Short web captions:
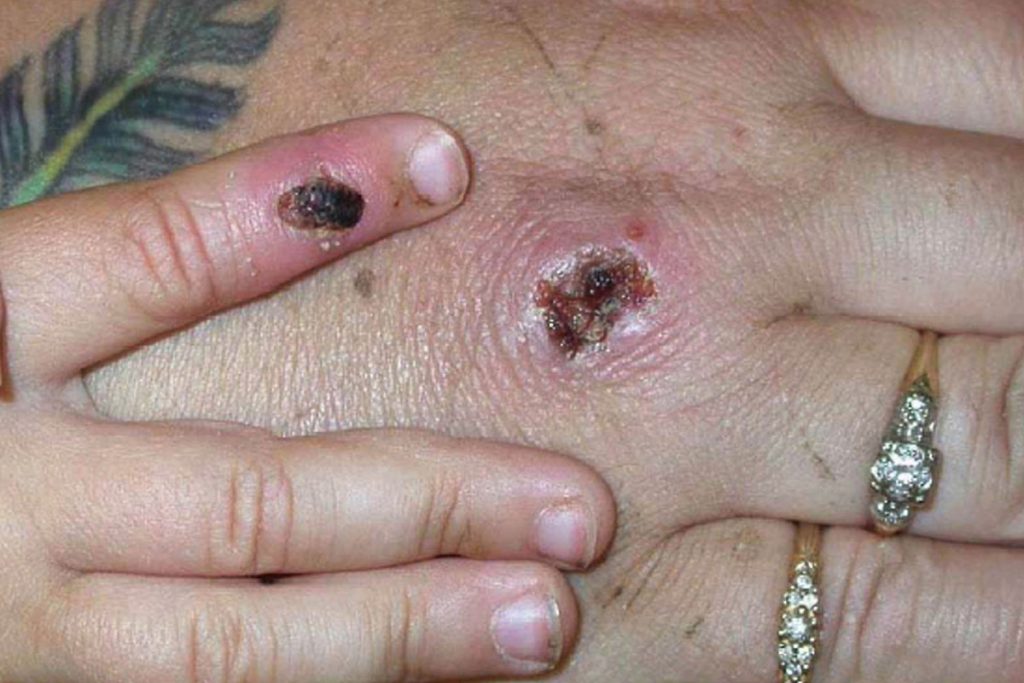 Two Monkeypox cases discovered in UK – New York Post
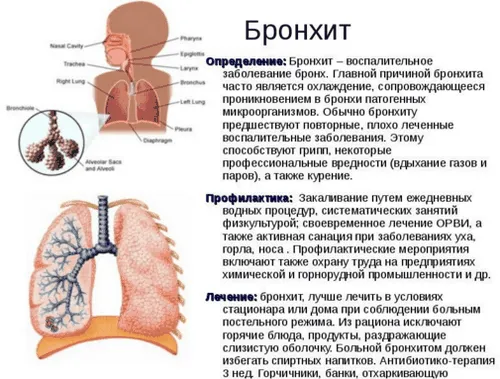 як лікувати бронхіт в домашніх умовах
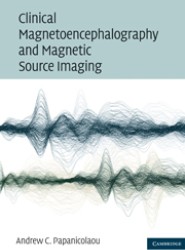 Clinical Magnetoencephalography and Magnetic Source Imaging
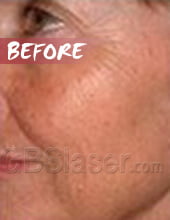 LED light skin rejuvenation before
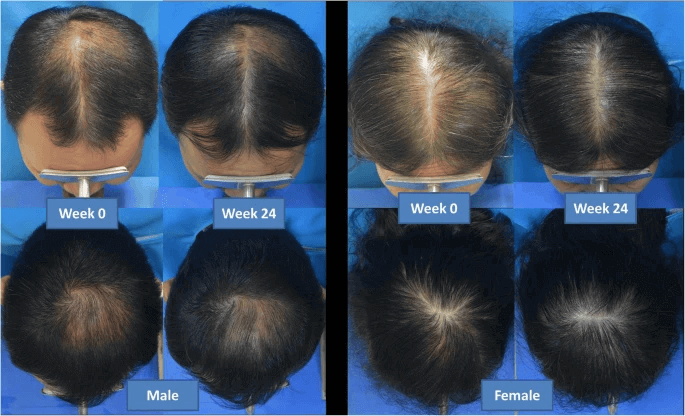 low level laser therapy hair loss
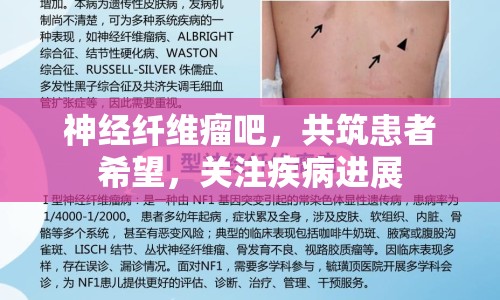 神經纖維瘤吧，共筑患者希望，關注疾病進展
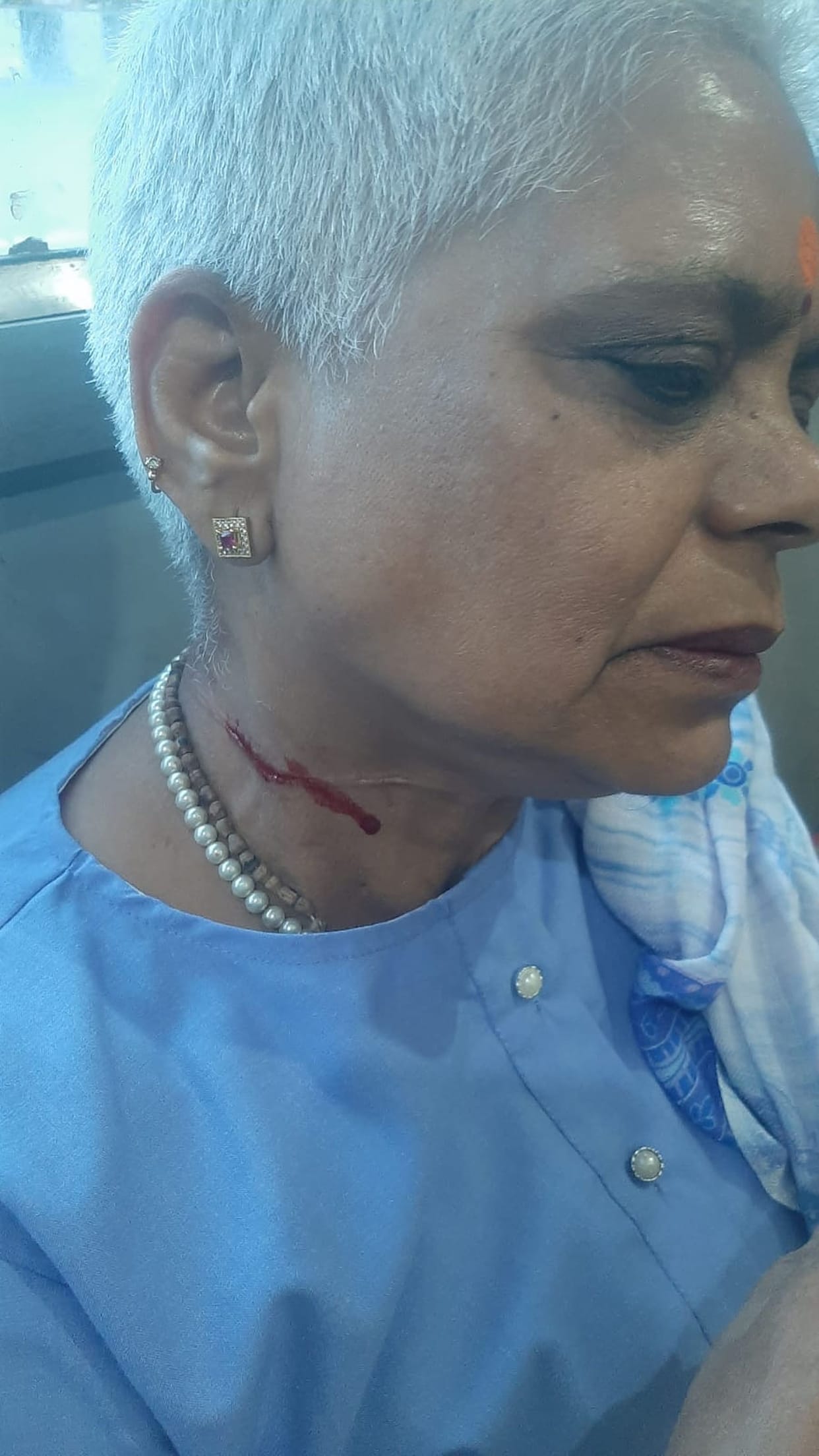 Woman Injured by Chinese Kite String; Neck Slashed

▸ About this exercise
Pictures are to be left out when the entries above are repeated exactly.

▸ Solution for this task
 Two Monkeypox cases discovered in UK – New York Post
 як лікувати бронхіт в домашніх умовах
 Clinical Magnetoencephalography and Magnetic Source Imaging
 LED light skin rejuvenation before
 low level laser therapy hair loss
 神經纖維瘤吧，共筑患者希望，關注疾病進展
 Woman Injured by Chinese Kite String; Neck Slashed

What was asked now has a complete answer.